Most importantly, the stories are framed by two theoretical essays on what Howe has named “tribalography.” Here she explores the complex way memories travel in generations of Native storytellers, which culminates in an original literary contribution in how to read indigenous stories. In his foreword, prominent Native American scholar Dean Rader—besides comparing Howe’s humor to fellow Oklahomian Will Roger’s—writes, “I believe it [tribalography] is the most significant theory of American Indigenous writing to emerge in the last 20 years—maybe ever... It bridges the gaps between the most significant approaches to American Indian Studies—nationalism, sovereignty, issues of land and place, history, and culture.”

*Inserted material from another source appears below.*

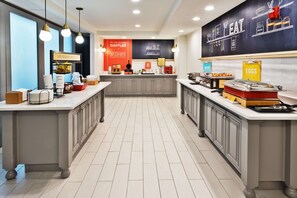 Gratis morgenmadsbuffet hver dag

…In this extraordinary collection, LeAnne Howe does for Choctaw storytelling what The Hunger Games does for archery—makes something seemingly traditional and archaic feel edgy, new, and necessary. — from the Foreword by Dean Rader, author of Engaged Resistance: American Indian Art, Literature and Film
Choctalking is LeAnne Howe at her very best. Who else can mix hard-hitting social commentary with wicked wit and good old fashioned storytelling? Howe is a true citizen of the world and the relative at the party who can't stop telling the truth. This is a book that belongs in classrooms and book clubs, too. Everyone should read this book. Everyone. — Tayari Jones author of Silver Sparrow
LeAnne Howe is a mound builder of story. Like earthworks that gather far-flung nations and connect worlds above and below, these exquisite tales of travel and cross-cultural encounter align across geographies and generations, across embodied research and archival adventure, across wry humor and speculative analysis to reveal unexpected pattern, relationship, theory. What emerges is sophisticated and complex, engineered not simply to endure but to spark future performance, to provoke story building of the reader’s own. — Chadwick Allen, author of Trans-Indigenous: Methodologies for Global Native Literary Studies
This collection of LeAnne Howe’s demonstrates the power, compassion, and at times riotous American Indian humor of a master storyteller. With a deep commitment to Southeastern American Indian perspectives on tribalography and tradition, Choctalking on Other Realities spans indigenous worlds from New Orleans to Amman, Jordan. The words throughout these pages illuminate deeper histories of embodied indigenous knowledges, and tribal practices. With Howe as a guide, readers are invited to confront the global ironies of Indianness with wisdom, laughter, and grace. —Jodi A. Byrd, author of The Transit of Empire: Indigenous Critiques of Colonialism
“I became a writer so I could go off in all directions, meet new people, write about what I’ve hungered to know.” As a 2010-2011 William J. Fulbright Scholar, LeAnne Howe lived in Amman, Jordan to research her novel, Memoir of a Choctaw Indian in the Arab Revolt, 1917, set in Bilaad ash Sham, and Allen, Oklahoma.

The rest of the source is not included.